PFIQ - Piercing Fans International Quarterly
- Cover of the last Issue
- Editor-in-chief: Jim Ward
- Categories: Lifestyle magazine
- First issue: 1977; 49 years ago
- Final issue: 1997; 29 years ago
- Company: Gauntlet Enterprises
- Country: United States
- Based in: Los Angeles, U.S.
- Language: English

= PFIQ =

Defunct body modification magazine

PFIQ (Piercing Fans International Quarterly) was a magazine published by Jim Ward from 1977 to 1997. It was the first publication about body piercing. Ward pioneered the field of body piercing and operated The Gauntlet, which was the first commercial establishment to offer the service in the United States.

==History and profile==
The first issue of the magazine appeared in October 1977. The first 14 issues of PFIQ were in black and white with single-color highlights in a few issues. From issue #15 on, the covers and centerfolds were in full color. The first issue was 16 pages long; by issue #31, PFIQ had grown to 32 pages. Page count continued to gradually increase. Issue #50, the final issue, contained 64 pages. All issues were 8½×11" in size.

Only the first five issues were dated on the cover, though most of them included a copyright year. However, every issue was independently numbered. In spite of calling itself a quarterly, the publication was chronically late and the average number of issues per year, over the lifetime of PFIQ, was about 3.

Issues #1 and #3 were reprinted in the 1980s. The reprints are not hard to distinguish from the originals. The original issue #1 was black and white with two spot colors; the reprint has only the purple on the cover. Issue #3 was a complete redesign and bears the words "Revised Edition" on the cover.

Tattoo Samy appeared in PFIQ #18 (1983) and #19 as the magazine's first documented tongue piercing.

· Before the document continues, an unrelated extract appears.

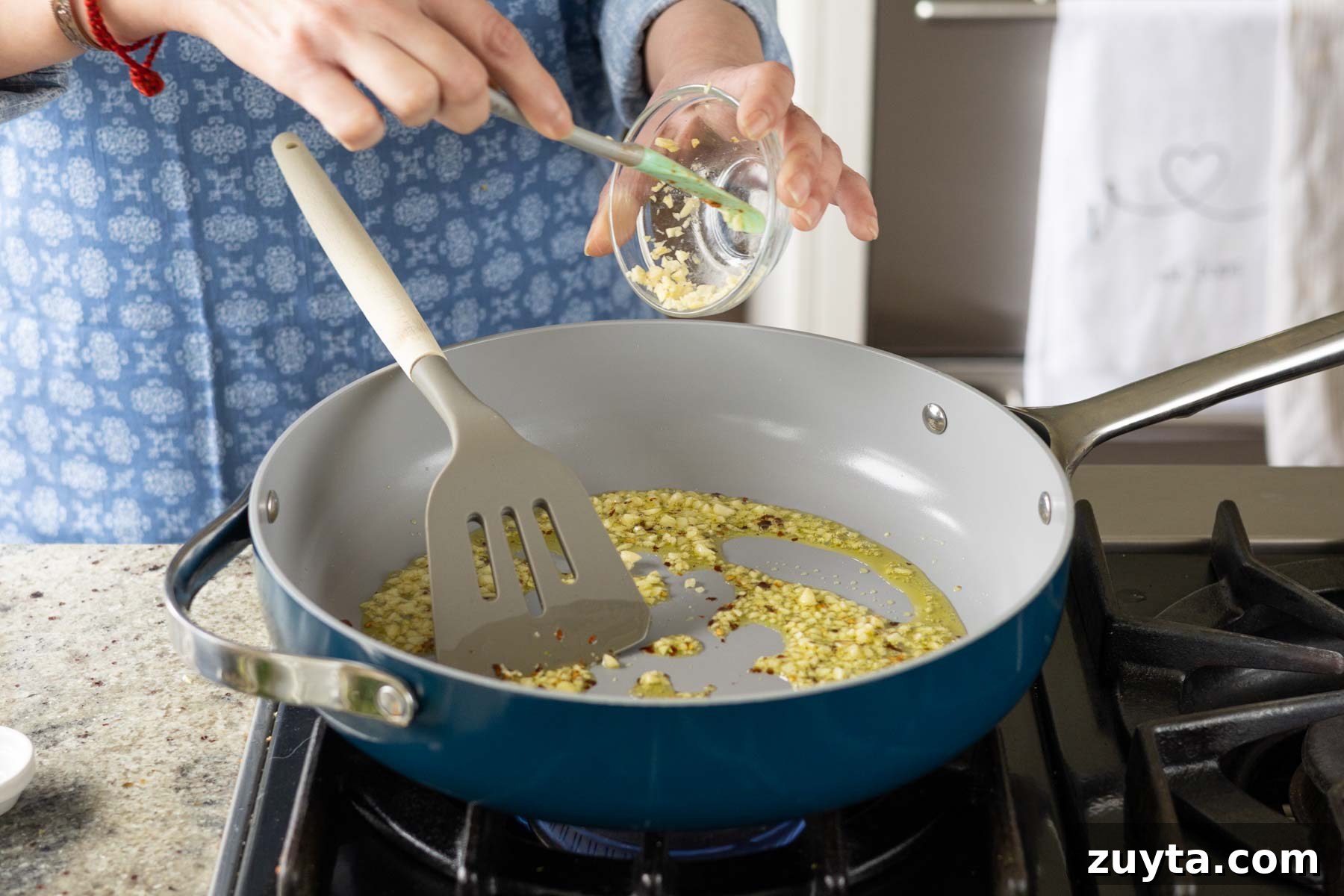 Creamy Corn Chowder with Smoky Tofu Bacon Bits 9 adding garlic and crushed pepper to the pan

PFIQ contained a wide variety of material, mostly about body piercing, but occasionally about other forms of body art and body modification. A long series of articles by Jim Ward, "Pierce with a Pro," gave detailed information on how to perform many different piercings. Gauntlet also produced three "how-to" videos under the same title. Part 1 on male piercings appeared in 1988; part 2 covering female and unisex piercings was issued in 1994; part 3, an update of the first video came out in 1996.

The magazine contents also included interviews, accounts of piercings, letters from readers, book and video reviews, photographs, artwork, and fiction. PFIQ also contained advertising from a few businesses in closely related fields. Subscribers also received Pin Pals, a sheet of classified ads created to enable people with body piercings to meet each other.

== Reception ==
PFIQ was a controversial publication, due to its graphic portrayal of nudity and the piercing process. In some countries it was considered obscene, and confiscated by postal customs officials. It ceased publication in 1997 when Jim Ward sold Gauntlet. (Gauntlet failed under its new owner and closed in 1998.)